Prinsip-prinsip yang relevan dibicarakan dalam konteks pemerintahan demokrasi adalah pemisahan kekuasaan (separation of power ), supremasi hukum atau pemerintahan berdasarkan hukum ( law supremasi atau the rule of law ) serta kesederajatan ( equality) dan kebebasan (liberty).

Dalam kontek pemisahan kekuasaan diasumsikan bahwa pemerintah pada dasarnya berkenaan dengan urusan membuat hukum, melaksanakan hukum, dan memutuskan apakah hukum yang dibuat telah dilanggar ata tidak.
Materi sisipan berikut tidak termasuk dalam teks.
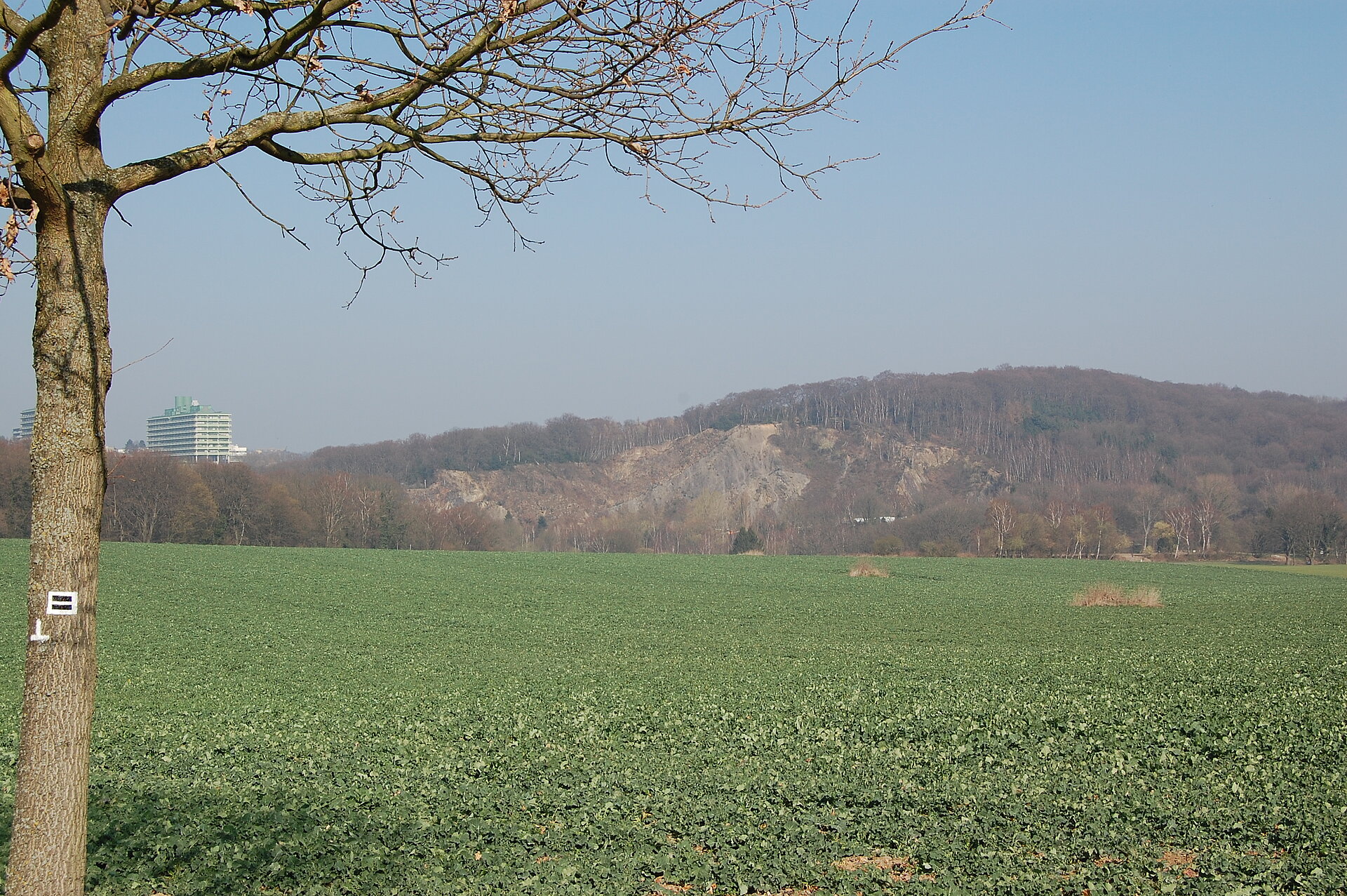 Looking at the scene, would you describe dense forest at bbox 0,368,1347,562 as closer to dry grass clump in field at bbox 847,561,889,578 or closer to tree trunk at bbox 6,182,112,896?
dry grass clump in field at bbox 847,561,889,578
Itulah yang kemudian menginspirasikan perlunya ,melakukan pemisahan menjadi kekuasaan eksekutif, legislatif dan yudikatif.
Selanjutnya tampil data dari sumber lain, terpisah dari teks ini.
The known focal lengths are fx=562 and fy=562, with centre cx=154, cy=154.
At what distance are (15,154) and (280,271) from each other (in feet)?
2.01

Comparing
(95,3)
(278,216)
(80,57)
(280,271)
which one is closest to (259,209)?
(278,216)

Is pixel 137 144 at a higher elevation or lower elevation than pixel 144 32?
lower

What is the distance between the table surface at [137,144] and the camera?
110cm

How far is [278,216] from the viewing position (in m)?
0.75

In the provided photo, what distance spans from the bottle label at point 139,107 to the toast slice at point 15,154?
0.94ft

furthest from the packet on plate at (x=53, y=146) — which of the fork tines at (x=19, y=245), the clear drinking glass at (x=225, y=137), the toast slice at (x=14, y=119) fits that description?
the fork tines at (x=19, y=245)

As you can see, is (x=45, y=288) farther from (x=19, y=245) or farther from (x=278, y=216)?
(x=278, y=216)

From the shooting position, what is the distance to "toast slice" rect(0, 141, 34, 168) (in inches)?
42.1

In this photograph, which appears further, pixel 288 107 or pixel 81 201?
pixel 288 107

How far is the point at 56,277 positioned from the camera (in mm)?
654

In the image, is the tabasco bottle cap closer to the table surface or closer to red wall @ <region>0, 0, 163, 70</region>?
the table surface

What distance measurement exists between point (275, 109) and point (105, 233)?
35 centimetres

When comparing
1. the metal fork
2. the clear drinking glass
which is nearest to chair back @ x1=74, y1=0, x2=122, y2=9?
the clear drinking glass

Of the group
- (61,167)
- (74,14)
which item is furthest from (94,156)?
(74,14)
Pemisahan kekuasaan tersebut ditujukan untuk menghindari menumpuknya kekuasaan di satu tangan, entah itu dalam artian institusi ataupun pribadi. Dengan memisahkan tiga cabang kekuasaan itu diharapkan ada saling ketergantungan dan saling kontrol dalam keseimbangan kekuasaan di antara mereka ( checks and balances ).

Kekuasaan pemerintah harus disusun dan dibagi ke dalam struktur-struktur kelembagaan serta kewenangan yang dibatasi dan saling mengawasi serta bergantung satu sama lain. Itulah yang dimaksud dengan sistem termasuk sisitem pengadilan. Jadi penguasa bisa datang dan pergi namun sistem jalan terus. Memperkuat sistem merupakan upaya melestarikan pemerintahan yang bebas dari kemungkinan diselewengkan.
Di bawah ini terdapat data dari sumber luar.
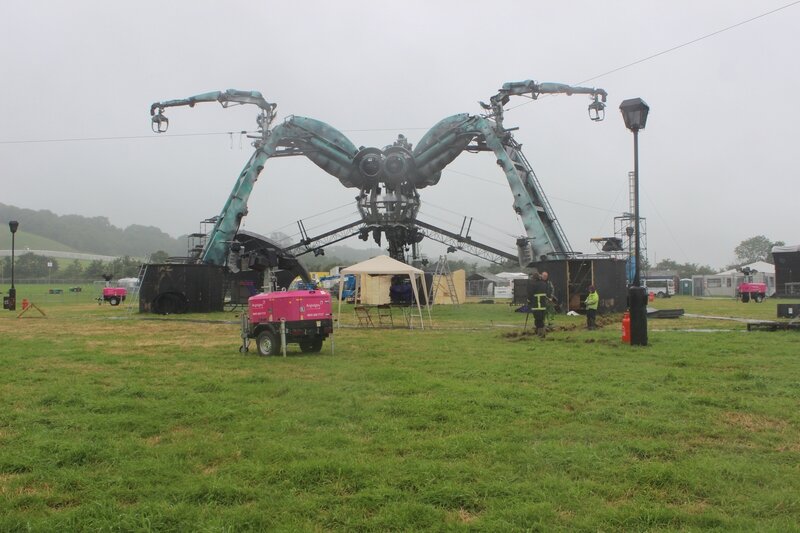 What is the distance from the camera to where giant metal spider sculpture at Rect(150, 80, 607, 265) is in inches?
1452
Menggantungkan nasib pemerintahan yang juga berarti nasib rakyat kepada kekuasaan orang perorangan, bukan kepada sistem yang solid akan sangat riskan karena tidak bakal mampu menjamin stabilitas dan kontinuitas kehidupan pemerintahan. Sejalan dengan pemisahan kekuasaan demokrasi itu, hukum dijadikan landasan dalam penyelenggaraan pemerintahan. Dalam pengertian ini, pemerintah tidak saja harus menjadikan dirinya sebagai hukum yang berbicara tapi juga menjamin serta memelihara independensi lembaga-lembaga peradilan dan lembaga penegak hukum lainnya.

Karena tulisan ini berbicara masalah terorisme, lembaga pasukan elit Polri yakni Densus- 88, juga harus bersedia diaudit. Jadi misalnya tidak ada seorangpun bisa ditahan untuk diperiksa oleh polisi kecuali dicurigai telah melanggar hukum dan tidak seorangpun dapat dipenjarakan kecuali ia dinyatakan bersalah oleh pengadilan.

kesewenang-wenangan Densus 88 sebagai aktor utama pemberantasan teroris harus diakhiri. Sebab faktanya meski memiliki senjata yang lebih canggih dari Angkatan Darat, toh polisi tak kunjung berhasil menumpas teroris. Buktinya, kemudian muncul kasus bom Kepunton Solo akhir September lalu.

Pemerintah termasuk Polisi tidak dapat mengambil hak milik orang seorang tanpa kewenangan hukum yang jelas dan pembayaran kompensasi yang wajar. Singkatnya setiap orang berhak memperoleh perlakuan yang adil berdasarkan hukum yang berlaku. Prinsip hak-hak dasar negara itu berlaku di Inggris sejak tahun 1215 sebagaimana termuat dalam Magna Charta. Karena itu negara demokrasi biasanya diidentikan dengan negara hukum.

Jika sebuah institusi milik negara memberantas terorisme dengan cara teror pula, inilah yang disebut terorisme oleh negara. Terorisme negara jauh lebih berbahaya dari sisi manapun karena telah menghancurkan sendi-sendi ketatanegaraan. Ia bisa menganeksasi,menduduki negara lain dengan dalih teroris tanpa ada pembuktian lebih dahulu bahkan tanpa ada proses peradilan.